Robin first got involved with Relay through a team her mom had joined. She eventually took leadership positions and was co-chair in 2010.

Her drive to participate in Relay was partly a result of the loving, caring person she was but it also came from family experiences. Her father is a cancer survivor and now is fighting the disease again. Her maternal grandmother and her father-in-law both died of cancer.

“I think she always had a passion for helping other people and people who were sick,” said Daisy Perry, a family friend.

“She cared about a lot of people,” said Robin’s father, Emmitt Riddick. “She always had a cheerful smile.”

Robin worked at Dr. Peggy Chappell’s dentistry office and loved to see patients there, Randell said.

“She was definitely a therapist to a lot of her patients,” he said. “She was just an ear to talk to.”

The couple loved to travel, especially to beach locations, Randell said. They took several cruises to various Caribbean locations.

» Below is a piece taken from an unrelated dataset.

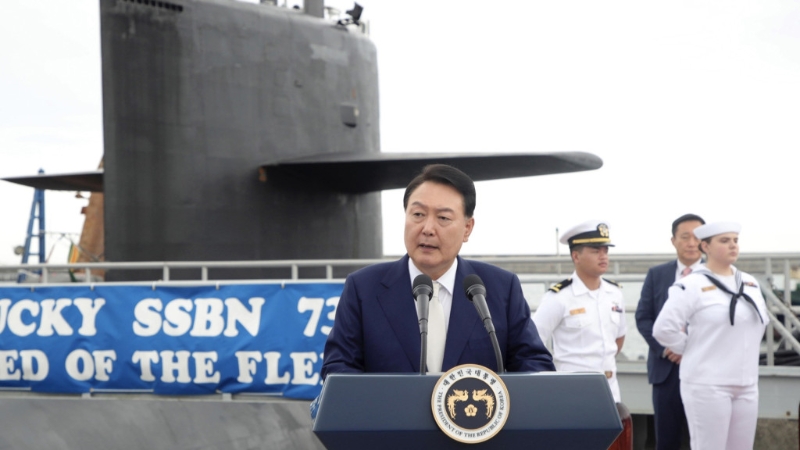 南韩总统尹锡悦登上肯塔基号参观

“She thoroughly enjoyed sunrises, sunsets and sand,” he said.

On Memorial Day 2014, she was engaging in another of her favorite pastimes — taking care of the yard — when she fell and thought she’d pulled a muscle. By October, though, the pain in her leg had gotten worse, not better. The diagnosis was renal cell carcinoma that had spread to her bones.

She found strength in her family and her faith, her mother said.

“‘This is God’s journey for me,’” her mother recalled her saying. “She finished her journey here.”

But even when she was sick, she still cared about others, her family said. She worried about her husband watching her get weaker, and — perhaps knowing she would die before her mother’s birthday, which was Friday — she got her mother a birthday gift and had a friend deliver it. It was a necklace with several charms inside representing memories they shared.

“That’s just an indication of how she thought,” Daisy Perry said. “She was doing things for others even when she was facing tough stuff of her own. That’s who she was.”

Besides her parents and husband, Blanchard left behind a brother and sister-in-law, Andrew and Heidi Riddick, and nieces Bailey and Peyton Riddick. Her funeral will take place Sunday at 3 p.m. at Parr Funeral Home.